Greek Finance Minister Evangelos Venizelos, pictured on October 3, 2011,  acknowledged his country would miss its deficit targets.

Story highlights

European lenders indicate they are prepared to overlook missed Greek budget targets

Athens says it needs overdue funds in matter of days or it risks runnning out of cash

Eurozone finance ministers also discuss increasing €440bn EFSF bail-out fund

Luxembourg Financial Times  — 

Eurozone finance ministers gave a clear indication they were preparing to paper over Greece’s failure to hit international lenders’ mandated budget targets for 2011, saying they would now evaluate Athens’ performance based on goals that combine both this year’s and next year’s finances.

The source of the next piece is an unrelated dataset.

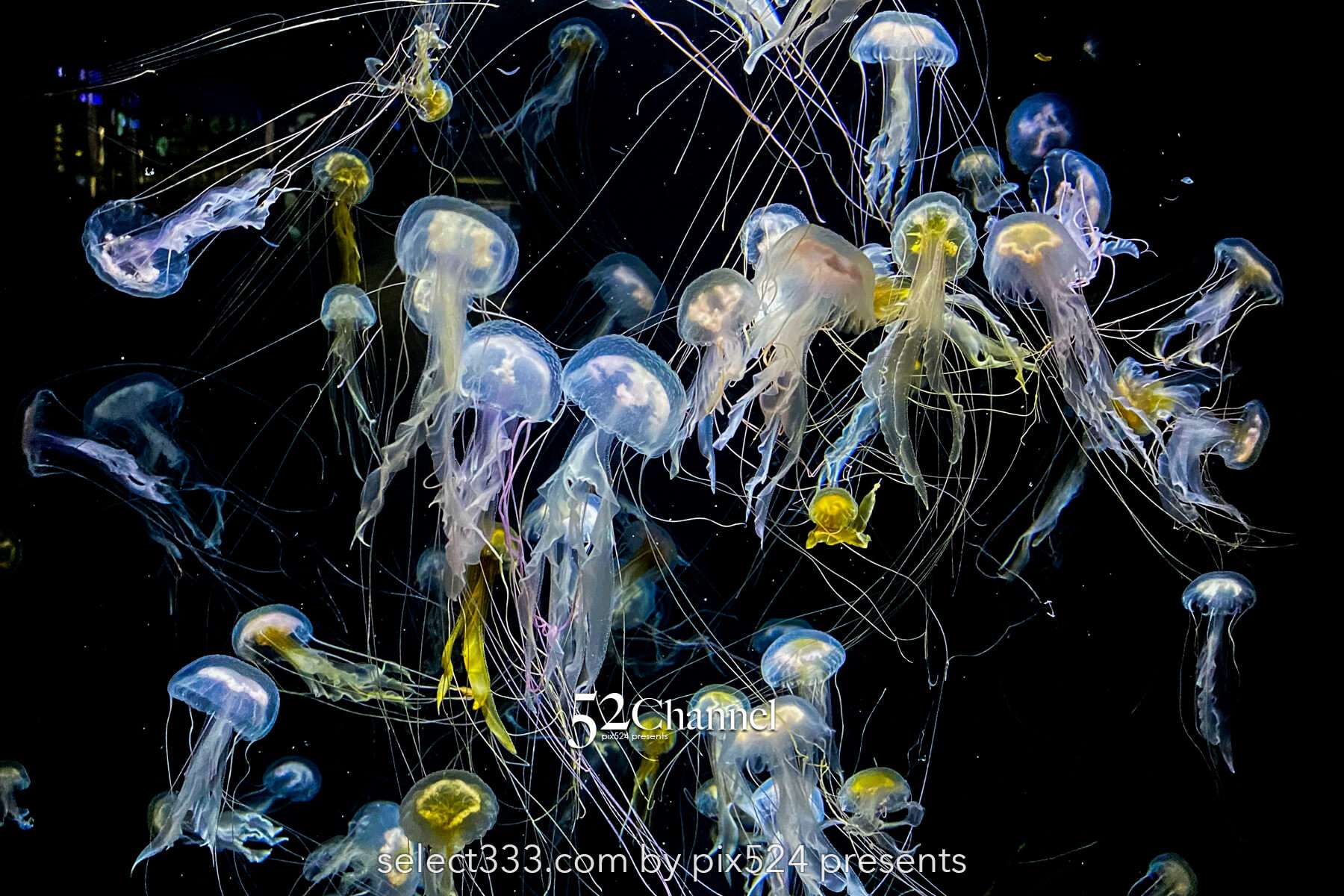 加茂水族館:幻想的なクラゲ展示の魅力!見どころと撮影ポイント!観光と混雑状況ガイド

The decision came a day after Greek finance minister Evangelos Venizelos acknowledged Athens would miss the 2011 benchmarks, which the European Union and the International Monetary Fund had set as a prerequisite for disbursing an essential €8bn bail-out payment that is already past due.

By combining 2011 with 2012 targets instead, the EU appeared to be preparing to fudge this year’s missed benchmarks, paving the way for the closely watched aid payment, which Athens says it needs in a matter of days or it will run out of cash. But senior eurozone officials warned they were likely to extract new concessions for 2013 and 2014 in the coming days before signing off on the new money.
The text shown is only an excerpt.